You can obtain information about your doctor from the State Board of Medical Examiners or your state’s equivalent certifying agency. Other sources of information about your doctor may be available on the Internet. You can also frequently obtain information from the medical society of your state and the hospital where your doctor practices. One website that provides hospital and physician ratings is www.healthgrades.com.
Unfortunately, unless your doctor has been the subject of discipline by your states licensing board, it is often not possible to determine the nature or the number of medical malpractice claims he or she has had, except in the midst of a lawsuit. Some states, such as Massachusetts, have created an on-line database, accessible to the public, with medical malpractice information. Others have not done so yet. . For a list of addresses and phone numbers of State Medical and Dental Boards from whom you obtain information about disciplinary actions taken against doctors in your state, please see National Practitioner Data Bank List of State Medical and Dental Boards.
Experienced medical malpractice attorneys usually work together with in-house medical personnel and independent medical reviewers, so as to screen-out those cases that are not likely to result in proofs of a departure from standard medical practice.
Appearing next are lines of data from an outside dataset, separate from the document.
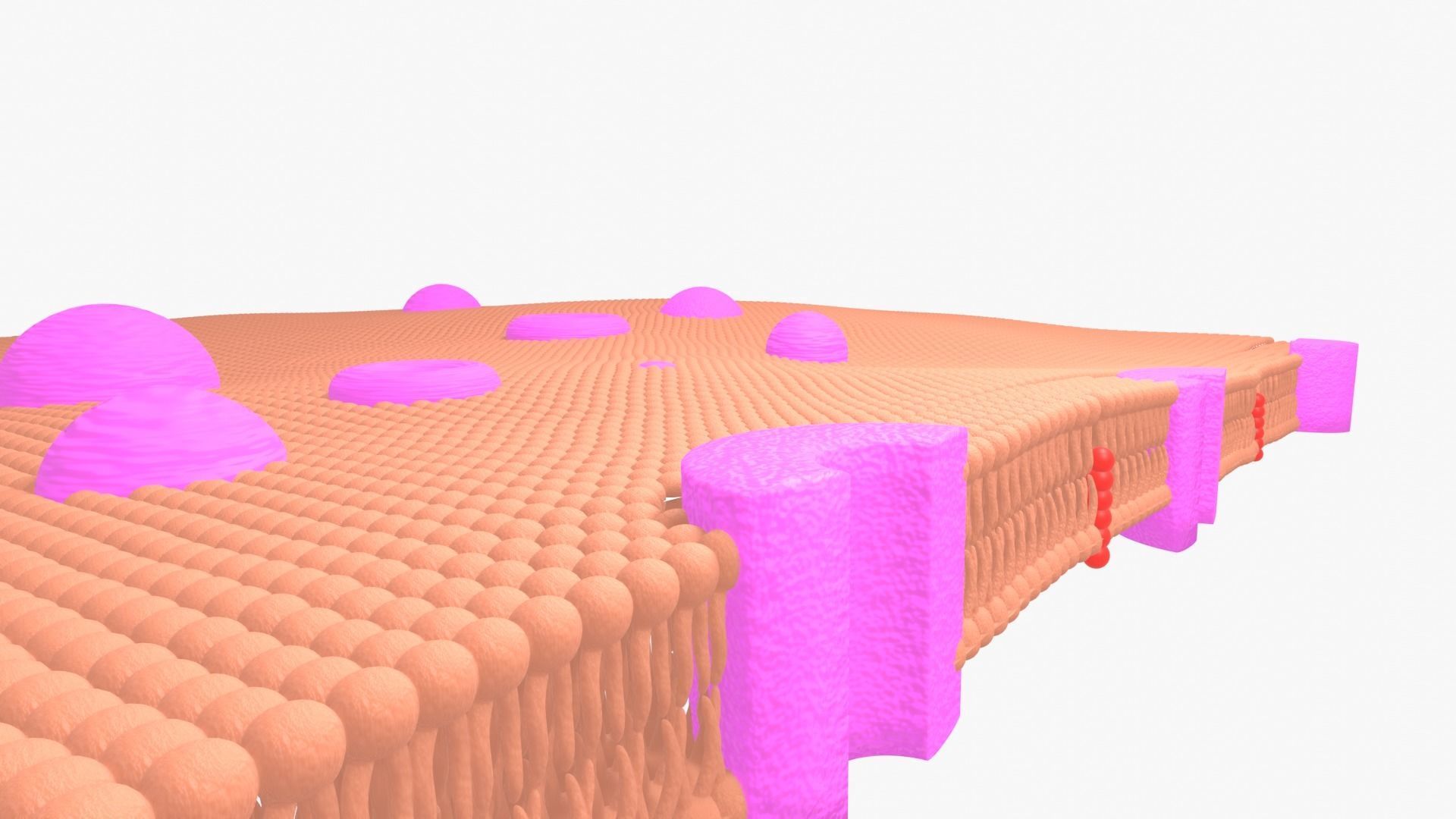 3D model phospholipid cell membrane VR / AR / low-poly | CGTrader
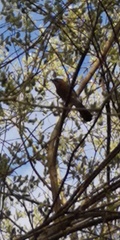 Garrulus glandarius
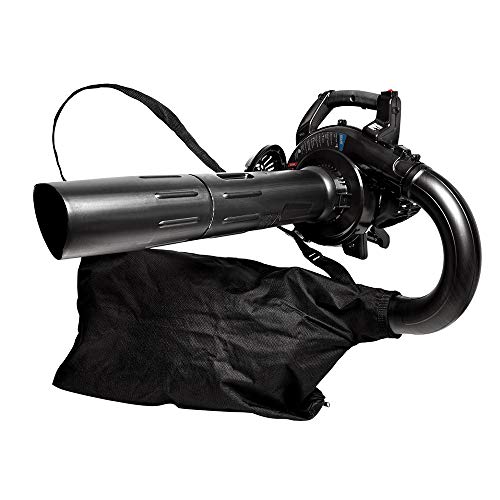 CRAFTSMAN Gas Powered Leaf Blower and Vacuum, Handheld Gas Blower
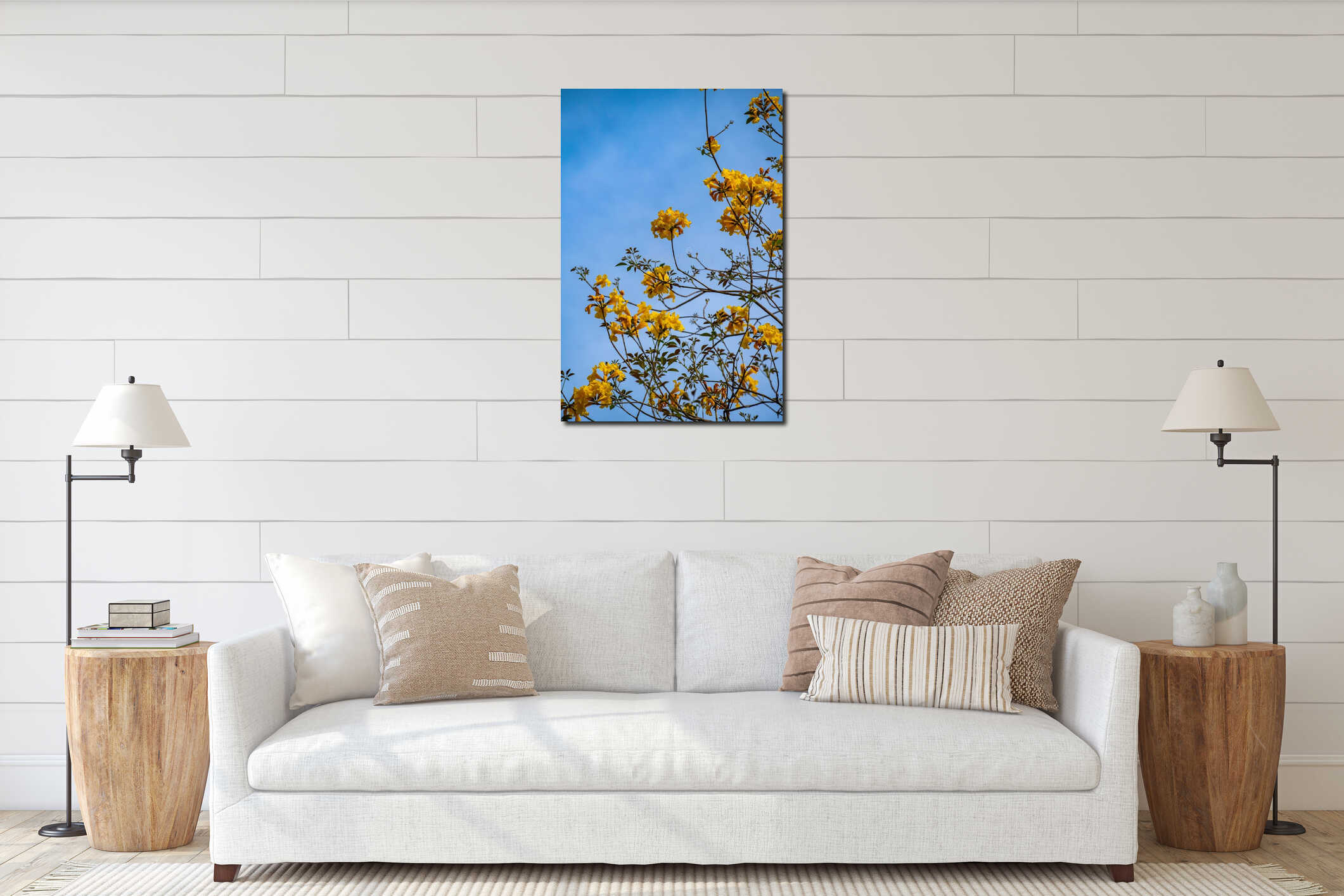 Radiant Yellow Tabebuia Flowers Blooming Against a Clear Blue Sky in Spring interior mockup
If an experienced malpractice attorney is prepared to undertake your representation, it is generally a case that the attorney believes is worth your time and effort. The cost of bringing a medical malpractice case requires that resources be spent on medical malpractice cases with a likelihood of success and significant amount financial recovery.
ome states have caps on damages that a plaintiff can receive for pain and suffering; thankfully, many states do not. To this end, attorneys who represent injured patients remain vigilant in protecting their right to recover for medical negligence from unwarranted economic limitations.
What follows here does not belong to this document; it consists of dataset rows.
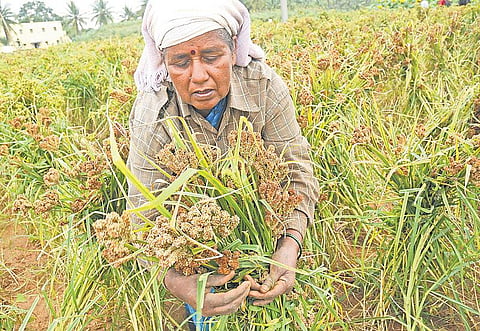 நெல்லுச் சோறும் ராகிக் களியும்
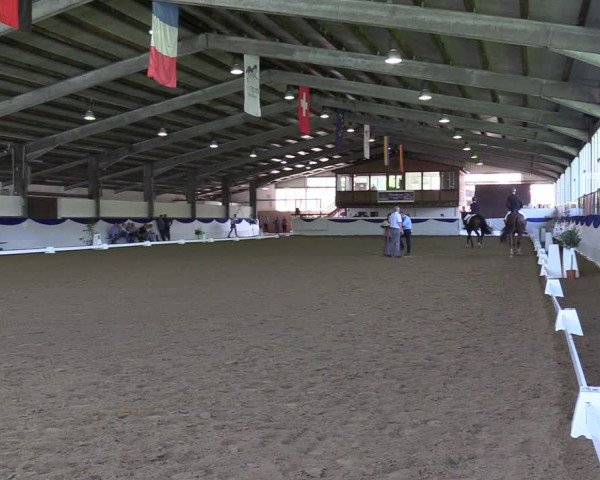 Reitturnier Münster-Albachten 2023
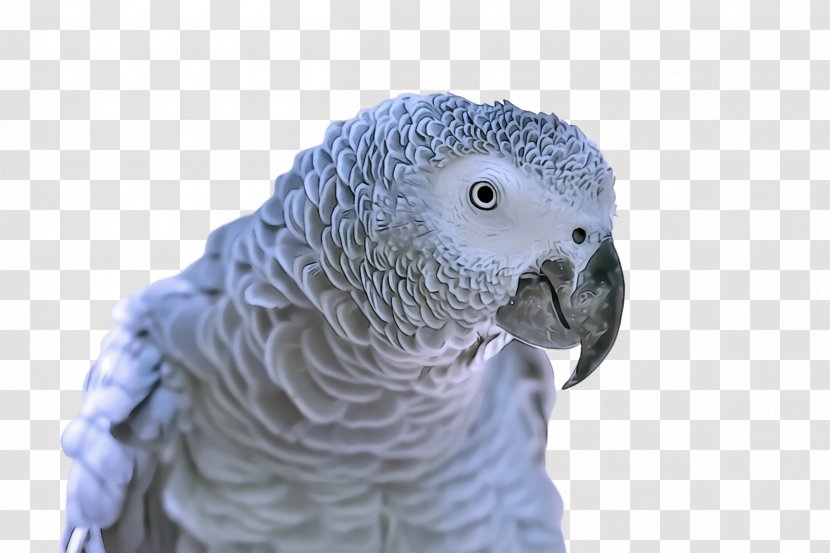 Bird African Grey Parakeet Parrot Beak - Wildlife Macaw Transparent PNG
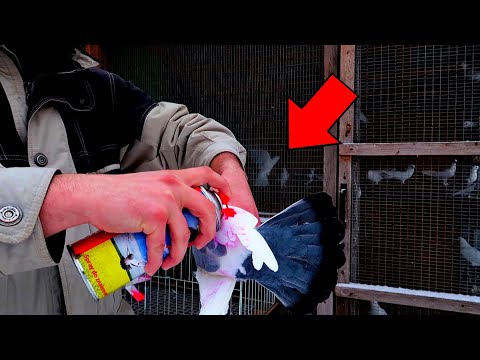 Видео: Краска от Хищных птиц!🤔 Спасает ли голубей?😳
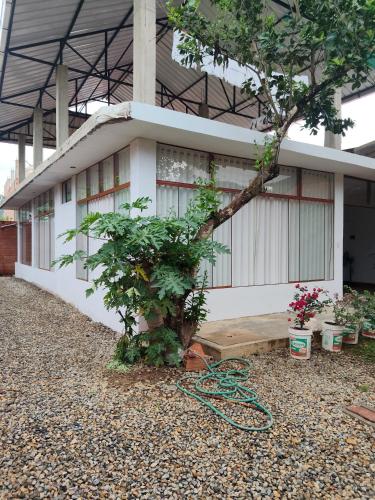 Emilu House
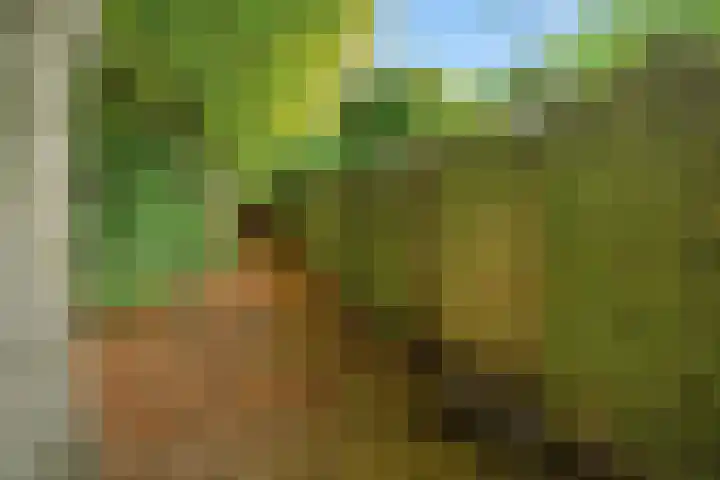 Vughterhage 28 Vught thumbnail 35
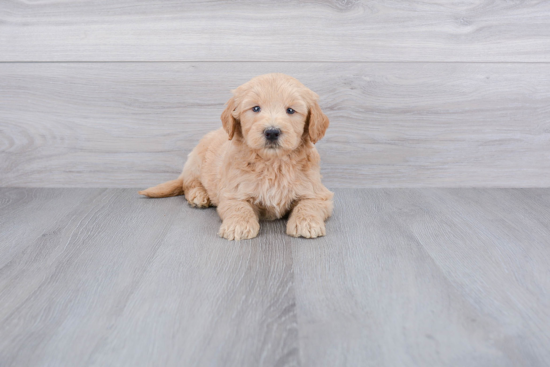 Little Golden Retriever Poodle Mix Puppy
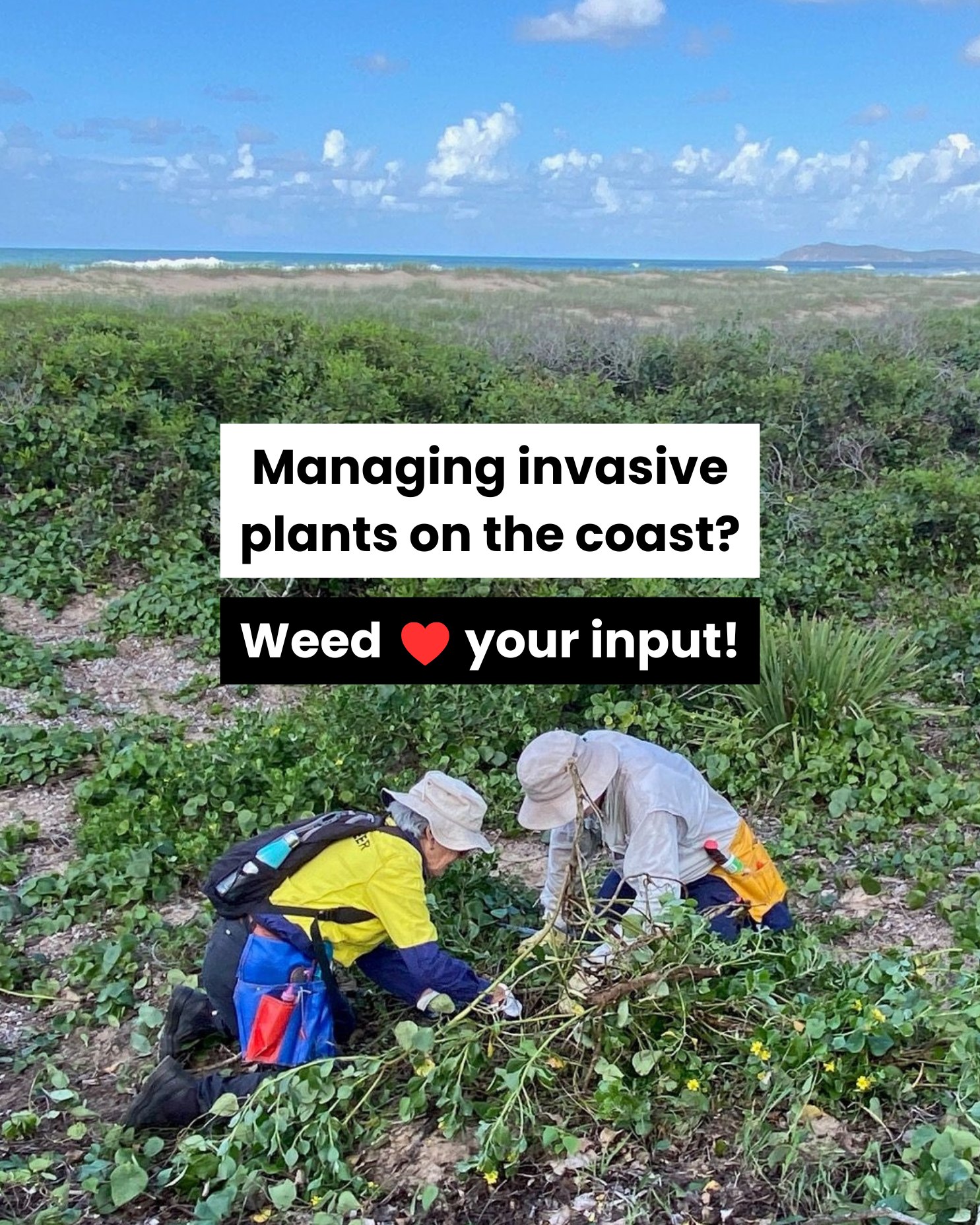 We manage nearly... - NSW National Parks and Wildlife Service | Facebook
While a number of the cases handled by experienced malpractice attorneys result in a settlement, medical malpractice actions are much less frequently the subject of settlements than other types of personal injury cases. One of the main reasons for the lower settlement rate for medical malpractice claims in many states is that the defendant-physician must agree and consent to any settlement.
Most malpractice attorneys offer to represent clients in personal injury matters, including medical malpractice, on a contingency fee basis. A contingency fee basis is one in which the attorney’s fee is contingent upon a successful outcome, via jury verdict or settlement. The attorney receives a percentage of our client’s successful award as the attorney’s fee. In many states, the state legislature and courts determine contingency fee percentages. However, the disbursements and/or funds needed to investigate and pursue these cases are the obligation of the client. In certain matters, a client may request and an attorney may provide representation in a medical malpractice action on a fee for service basis or hourly rate.